Su questo intervento, ritenuto dalla nostra Organizzazione strategico e non più rinviabile per la sicurezza stradale, grava oggi la decisione del TAR della Calabria, che ha disposto la sospensione dei lavori in attesa dell’esito di un approfondimento tecnico il cui pronunciamento conclusivo è, ad oggi, fissato per il prossimo 20 giugno, salvo ulteriori rinvii. Ed è proprio questo il punto che non può lasciare indifferenti. Nel merito delle motivazioni che hanno condotto alla sospensione, il quadro che emerge è tanto semplice quanto grave: delle due l’una.
O ci troviamo di fronte ad un Comune di Cariati e ad Anas S.p.A. che, nell’ambito dell’iter amministrativo e procedurale, hanno commesso irregolarità tali da giustificare l’intervento del giudice amministrativo; oppure ci troviamo di fronte ad una sospensiva che il TAR della Calabria avrebbe potuto — e forse dovuto — evitare, considerata la natura dell’opera, la sua finalità pubblica e l’urgenza conclamata dell’intervento.
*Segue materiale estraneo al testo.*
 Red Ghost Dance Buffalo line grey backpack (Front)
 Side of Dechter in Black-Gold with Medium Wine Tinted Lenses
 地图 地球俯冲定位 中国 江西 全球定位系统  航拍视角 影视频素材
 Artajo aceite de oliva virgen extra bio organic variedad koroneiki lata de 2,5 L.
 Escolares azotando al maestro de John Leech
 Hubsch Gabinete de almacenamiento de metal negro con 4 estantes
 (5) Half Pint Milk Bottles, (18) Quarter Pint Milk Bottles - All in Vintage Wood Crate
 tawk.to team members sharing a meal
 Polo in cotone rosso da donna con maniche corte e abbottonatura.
A rendere ancora più complessa e inquietante la vicenda è il fatto che il Tribunale Amministrativo avrebbe potuto pronunciarsi già nei mesi scorsi. Tuttavia, il Consulente Tecnico d’Ufficio (CTU) nominato per le necessarie verifiche ha richiesto più proroghe, determinando un ulteriore e pesantissimo slittamento dei tempi. E oggi è più che legittimo temere che anche la data del 20 giugno possa essere ulteriormente rinviata.
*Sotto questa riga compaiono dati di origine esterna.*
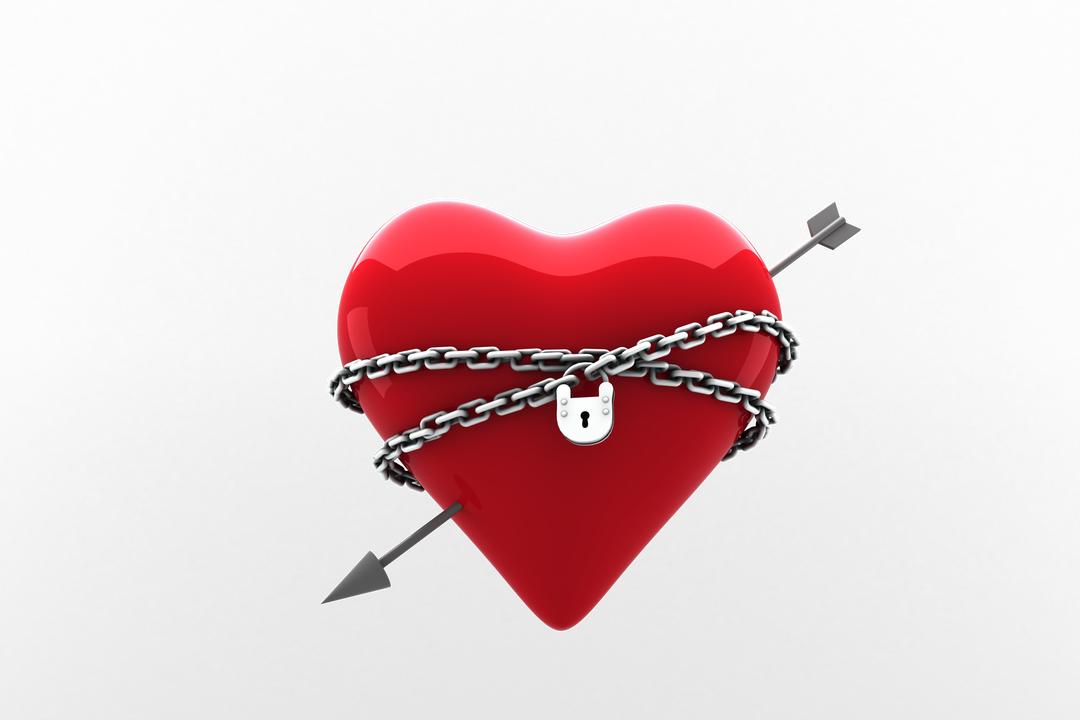 Heart with Arrow, Padlock and Chain on Transparent Background for Valentine's Day - Download Free Stock Images Pikwizard.com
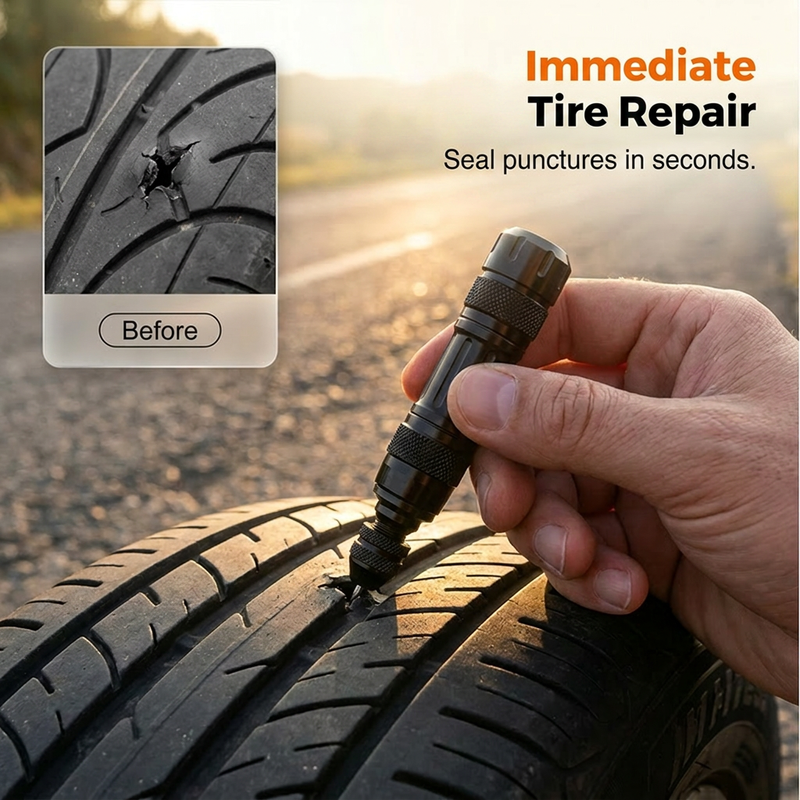📢📢 50% RABATT! ⏰ Tubeless Tire Repair Kit – Alu-Koffer – Reifenpanne? In Minuten selbst reparieren. 🔧⚡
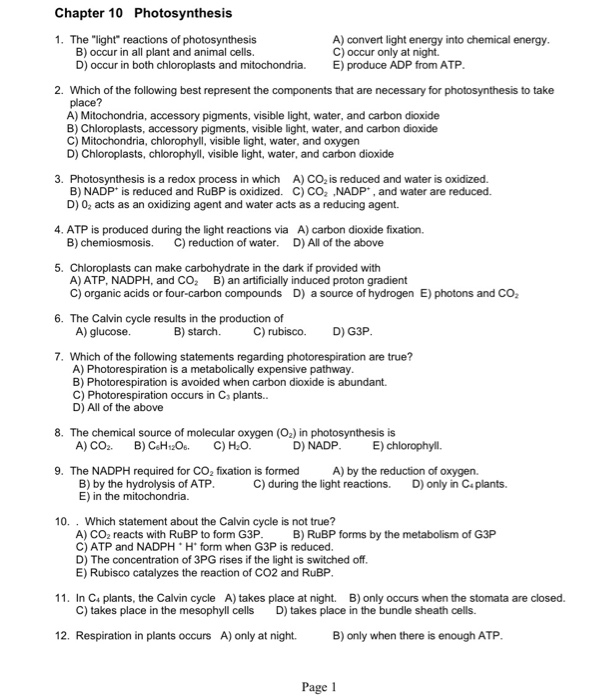 Solved Chapter 10 Photosynthesis 1. The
Durante l’ultima riunione del Consiglio Direttivo, il Direttore Operativo dell’Organizzazione, Ing. Fabio Pugliese, ha posto una domanda tanto semplice quanto drammatica: “Considerati i ritardi già accumulati e quelli che potrebbero ulteriormente maturare nei prossimi mesi, chi si assumerà la responsabilità se, per disgrazia, nelle prossime settimane un pedone dovesse perdere la vita nell’attraversamento del ponte a causa della mancata realizzazione della passerella?” È una domanda che non può restare senza risposta. È una domanda che interpella istituzioni, tecnici, magistratura amministrativa e coscienze.
Per queste ragioni, il Consiglio Direttivo dell’Organizzazione di Volontariato “Basta Vittime Sulla Strada Statale 106” ha accolto integralmente la proposta avanzata dal Direttore Operativo, conferendogli mandato affinché si attivi immediatamente per portare il caso del Ponte Molinello all’attenzione dei media nazionali.
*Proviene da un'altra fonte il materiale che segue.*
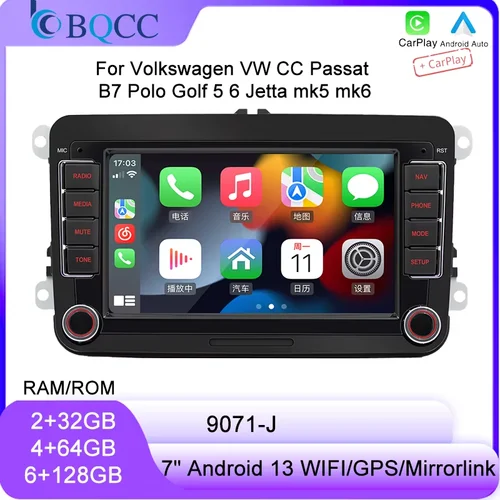 Imagen 1 del producto BQCC 9071-J 7 ""reproductor de coche para Volkswagen VW CC Passat B7 Polo Golf 5 6 Jetta mk5 mk6 Mirrorlink FM WIFI GPS RDS Carplay inalámbrico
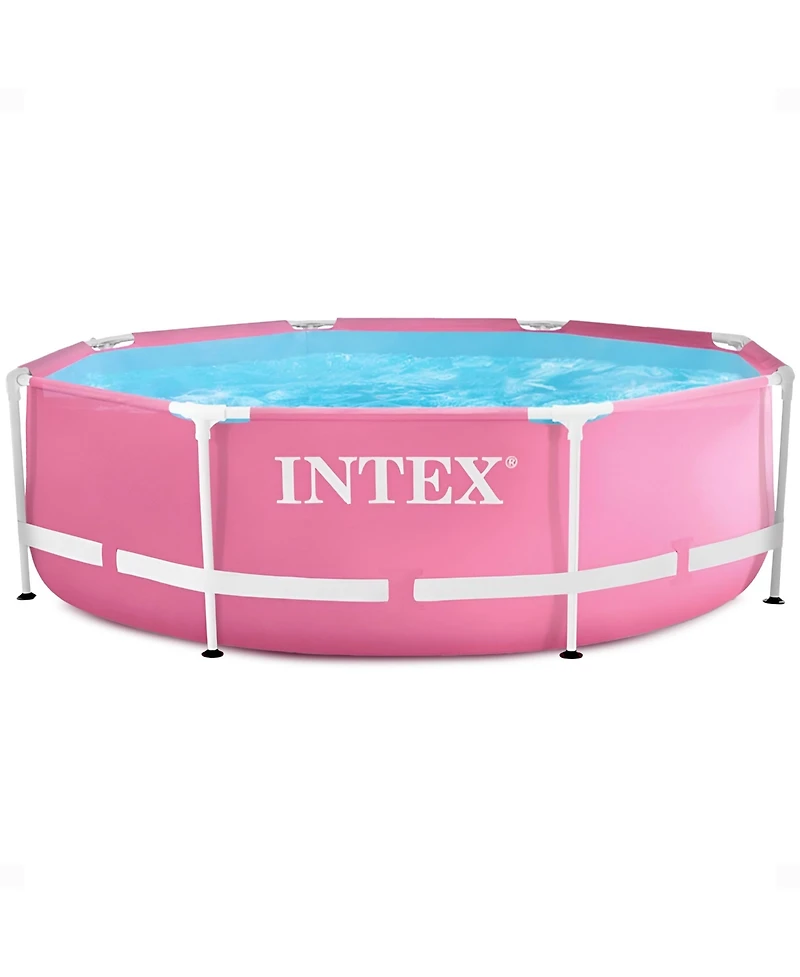 Intex 28290EH 8ft x 30in Round Metal Frame Above Ground Swimming Pool, Pink
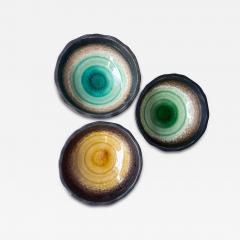 1960s Modern Japanese Small Enamel Bowl Set of Three Varied Colors Tripod Base - 2658728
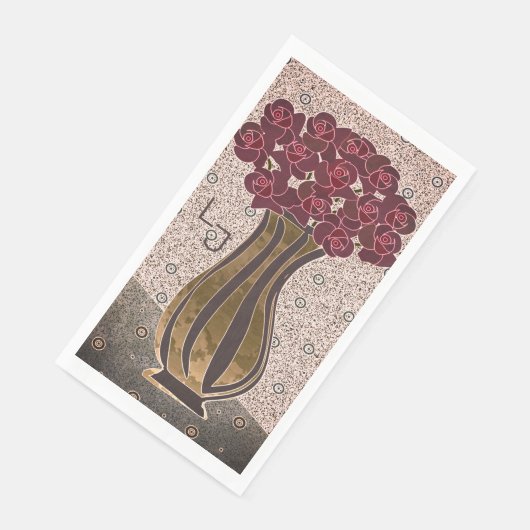 Moderne Bourgondische Roos Bloemen Vaas Monogram H Servet (Hoek)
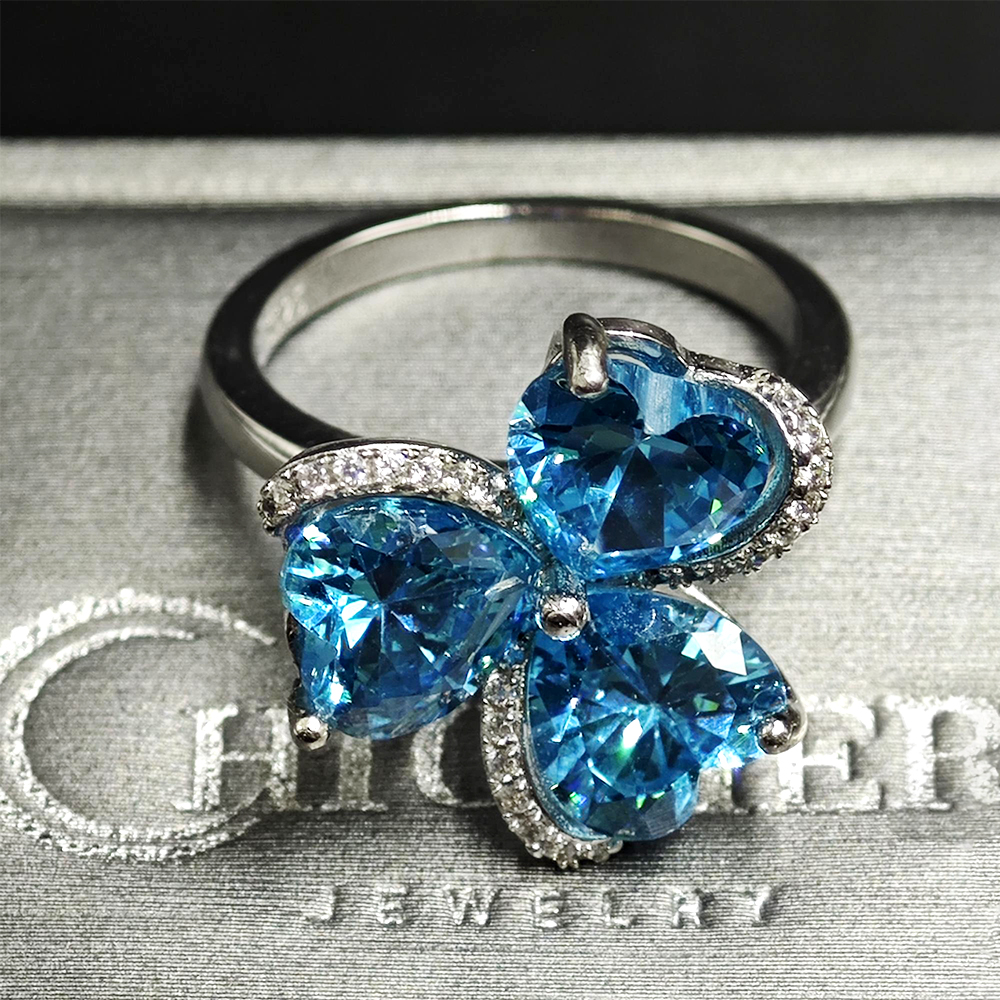 3.25ct Leaf Clover Aquamarine Sapphire Engagement Ring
Nei prossimi giorni saranno formalmente contattate le redazioni delle principali trasmissioni televisive italiane di approfondimento e denuncia con l’obiettivo di accendere un riflettore su una vicenda che non riguarda più soltanto Cariati o la Calabria, ma il diritto fondamentale dei cittadini alla sicurezza.
Perché quando un’opera destinata a salvare vite umane viene fermata dalla burocrazia, dal silenzio o dai rinvii, il problema non è più soltanto tecnico o amministrativo: diventa una questione morale e nazionale. E su questo, la nostra Organizzazione non intende arretrare di un solo passo.